Latches are internal memory structures that coordinate access to shared resources. Locks (also known as enqueues) are different from latches, the key difference being that enqueues, as the name suggests, provide a FIFO queueing mechanism, while latches do not. On the other hand, latches are held very briefly and locks are usually held longer.

In Oracle SGA, the buffer cache is the memory area into which data blocks are read. (If Automatic Shared Memory Management [ASMM] is in use, part of the shared pool can be tagged as KGH:NO ALLOC and remapped to the buffer cache area too.)

Each buffer in the buffer cache has an associated element in the buffer header array, externalized as x$bh. Buffer headers keep track of various attributes and state of buffers in the buffer cache. This buffer header array is allocated in the shared pool. The buffer headers are chained together in a doubly-linked list and linked to a hash bucket. There are many hash buckets, and their number is derived and governed by the _db_block_hash_buckets parameter). Access to these hash chains (both to inspect and change) is protected by cache-buffers-chains latches.

Furthermore, buffer headers can be linked and delinked from hash buckets dynamically.

Here is a simple algorithm to access a buffer (I had to deliberately cut out so as not to deviate too much from our primary discussion):


1. Hash the data block address (DBAs: a combination of tablespace, file_id and block_id) to find hash bucket.
2. Get the latch protecting the hash bucket.
3. If success, 
walk the hash chain (hash bucket), 
reading buffer headers (shared pool) to see if a specific version of the block is already in the chain.
    If found, access the buffer in buffer cache, with protection of buffer pin/unpin actions.





If not found, 
then find a free buffer in buffer cache, 
unlink the buffer header for that buffer from its current chain, 
link that buffer header with this hash chain, 
release the latch and read block in to that free buffer in buffer cache with buffer header pinned.

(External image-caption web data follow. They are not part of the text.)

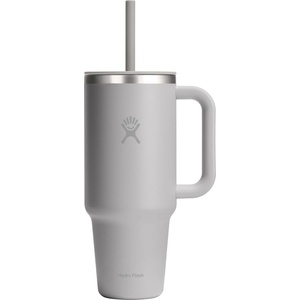 Hydro Flask Бутилка за вода Hydro flask All Around Travel Tumbler Water bottle - Birch II - размер 0, 95 l (533-1959-0712)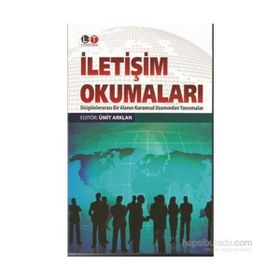 KÜRESEL MARKA REKLAMLARI - SEDAT ŞİMŞEK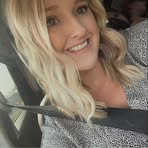 Rachel Grindle - Facebook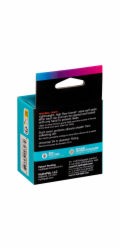 HydraPak Comet bite valve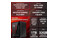 Mad Dog MADDOGENDORFY500AIR-I20DB32 Intel Core i5 32GB DDR5 AMD Radeon RX 7700 XT 12GB 1TB SSD brak
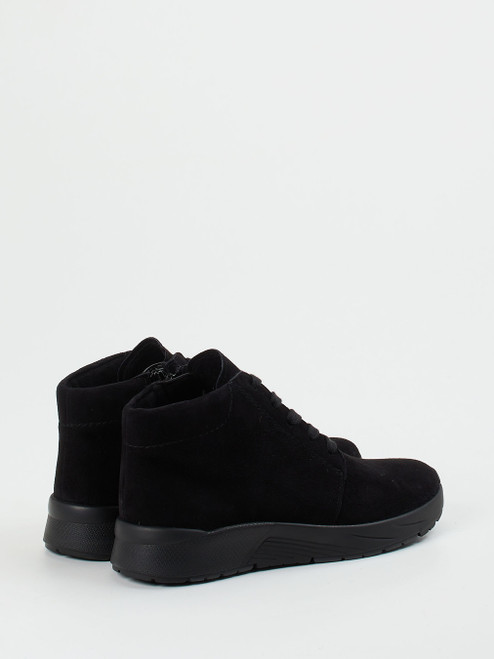 Schnürstiefelette-27510090284 Semler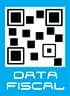 Data Fiscal QR Code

4. If not success, spin for spin_count times and go to step 2. If that latch was not got with spinning, then sleep (with exponentially increasing sleep time with an upper bound), wakeup, and go to step 2.

Obviously, latches are playing crucial role in controlling access to critical resources such as the hash chain. My point is that repeated access to a few buffers can increase latch activity.

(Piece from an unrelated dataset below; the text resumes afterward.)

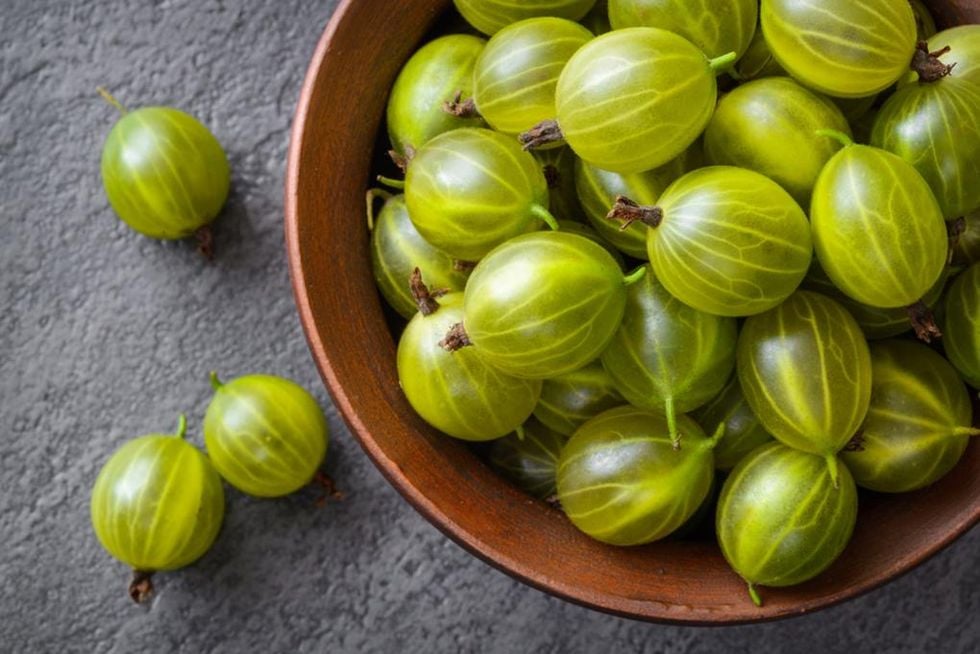 10 nyttiga superbär att frossa i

There are many CBC latch children. The parameter _db_block_hash_latches controls the number of latches and is derived from the buffer cache size. Furthermore, in Oracle 10g, shareable latches are used; and inspecting a hash chain necessitates acquiring latches in shared mode, which is compatible with other shared-mode operations. Note that these undocumented parameters are usually sufficient, and changes to these parameters must get approval from Oracle support.